VII. Guardrails (What We Refuse to Trade Off)
- Consent, provenance, reversibility. Sources are opt-in, signed, and revocable. People can exclude conversations, dates, or channels. You own the spigot.
- Interpretability where it matters. Clinicians can see which dimensions (absolutism, temporal focus, social language, complexity) drove a change. People can read their own trend narrative. Black-box probability without story is not care.

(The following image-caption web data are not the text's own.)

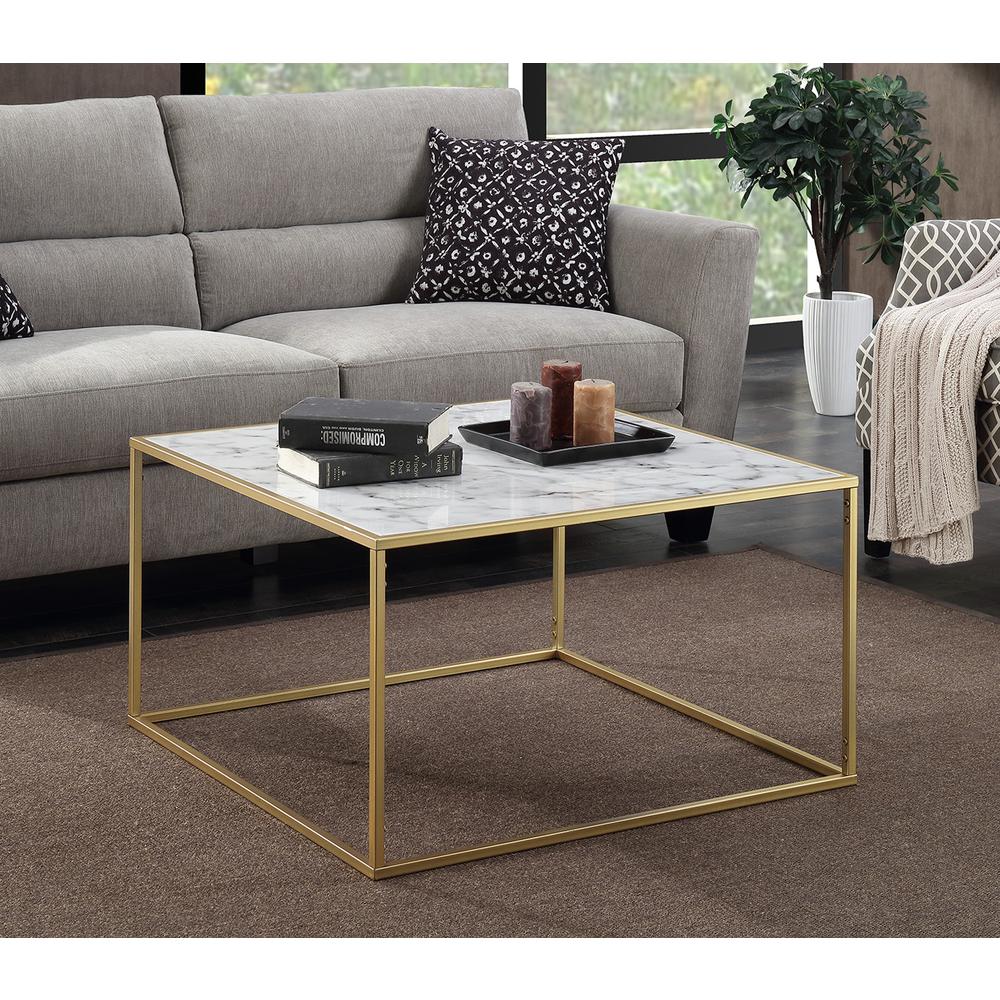 Gold Coast Faux Marble Coffee Table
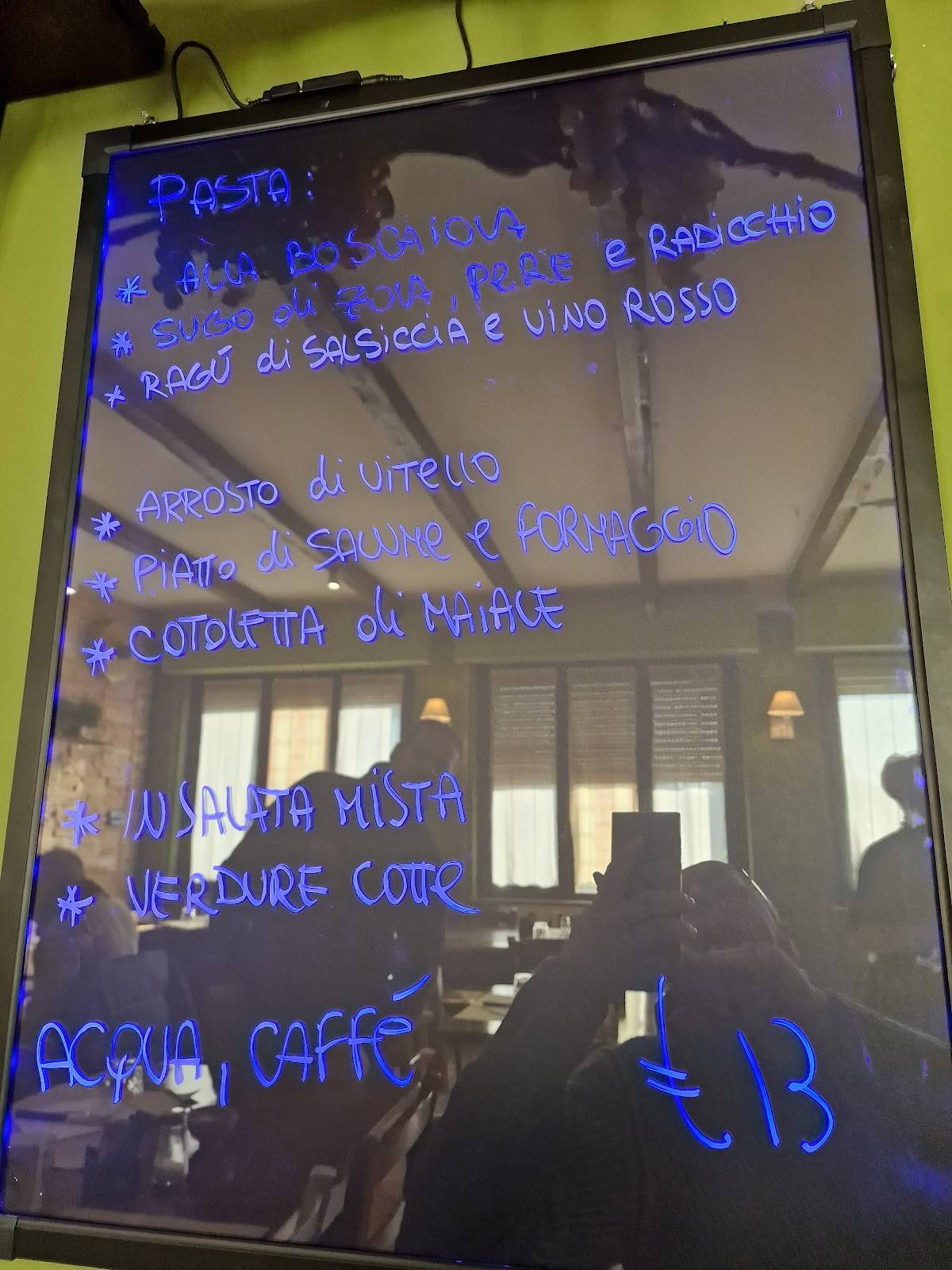 Menu di Osteria Dell'Angelo Di Bianchi Anna Cristina 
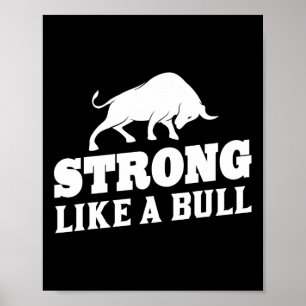 Affiche Forte Comme Une Bodybuilding À Taureau 9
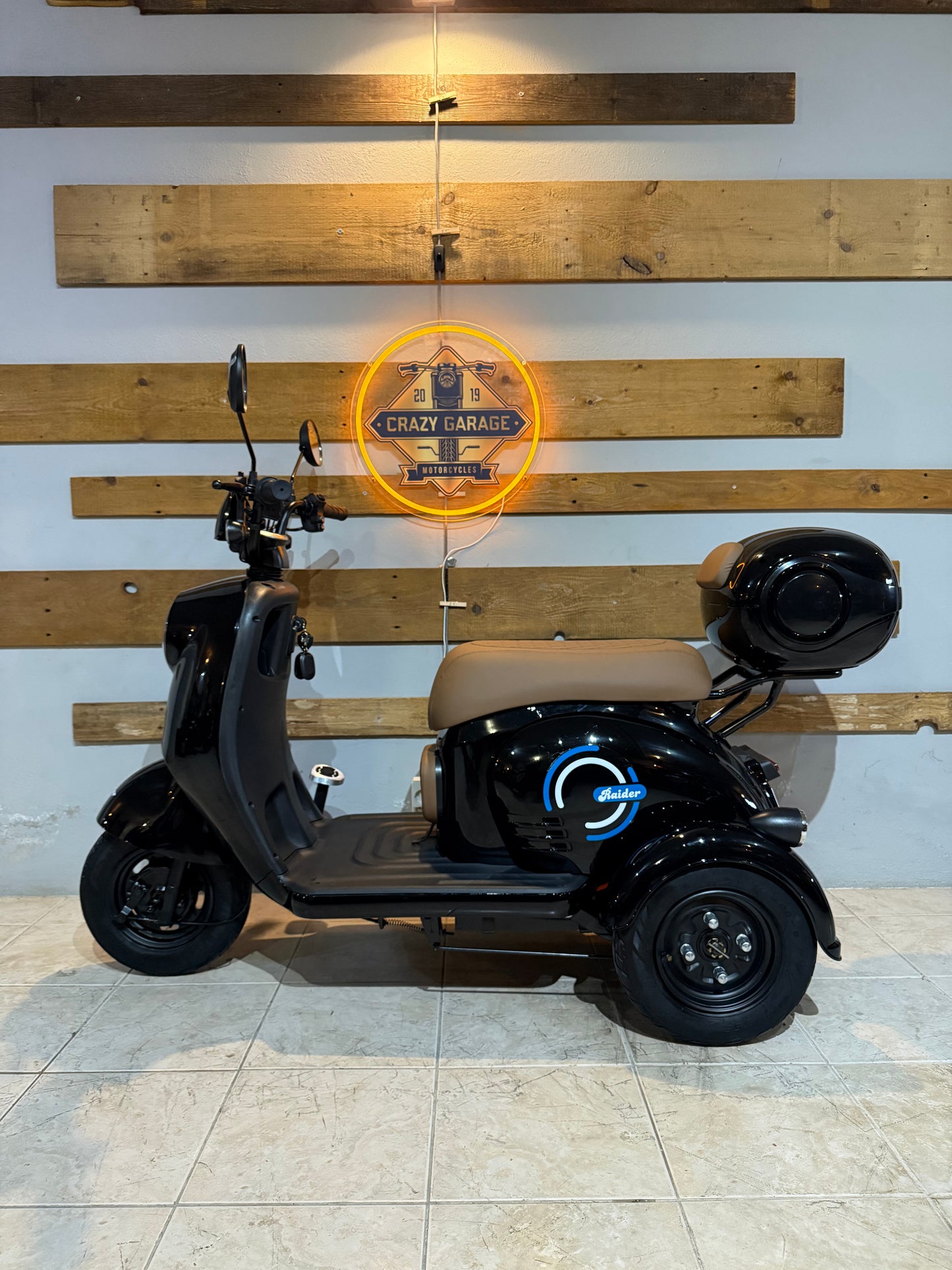 Triciclo Raider Mini 3 Bateria Lítio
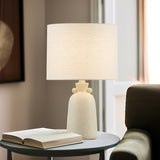 INK+IVY Alarid Casual 16" Ceramic Table Lamp II153-0156 Cream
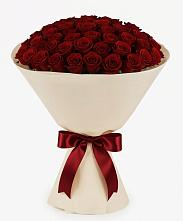 Букет 101 Бордовая роза Блэк Бакарра в Октябрьский Иркутской области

- Escalation with humility. The system treats velocity as a serious signal, but high uncertainty triggers human review, not automated alarmism. We design to waste time before we design to violate dignity.
VIII. Hypothetical (Near-Term) Moments That Justify the Whole Effort
- A student's language shifts from future-oriented planning to past-focused rumination over two weeks. ELI suggests a low-friction counseling visit before finals week snaps the curve. Grade saved; crisis avoided.
- A night-shift nurse's texts become syntactically flat, absolutist, and self-referential. Velocity crosses threshold. The supervisor is prompted to offer rotation changes and resources; the nurse accepts help without shame because outreach was timed and contextual, not punitive.
- A veteran in therapy shares ELI trends between sessions. The clinician spots a steep drop in lexical diversity and social language two days after a known trigger date and checks in proactively. The intervention is a conversation, not an involuntary hold.
None of these require new miracles. They require signal, timing, and respect.
IX. The Longer Arc
If we do our job, ELI fades into the background of everyday tools, like step counts did. But its social consequence could be larger: we normalize preventive mental healthcare the way we normalized preventive cardiology. And we upgrade the ethical grammar: consentful data, person-first custody, explainable metrics, interventions that preserve agency.
We think of this as building cognitive infrastructure (the boring, durable scaffolding that lets a society respond to invisible suffering before it becomes visible harm). The metric that matters is not how clever the models are; it's how many lives quietly don't fall apart because signal arrived early enough for ordinary care to work.
Closing
The mind rarely announces disaster. It whispers its way there through pronouns, tenses, the narrowing of sentences when the world feels too large. ELI listens to those whispers, translates them into a gentle, useful vital sign, and hands control back to the person and their clinician.
In a healthcare system optimized for events, we're building for trajectories. In a culture that valorizes crisis response, we're investing in preemptive grace. And in a world that counts everything but meaning, we're choosing to measure what helps meaning endure.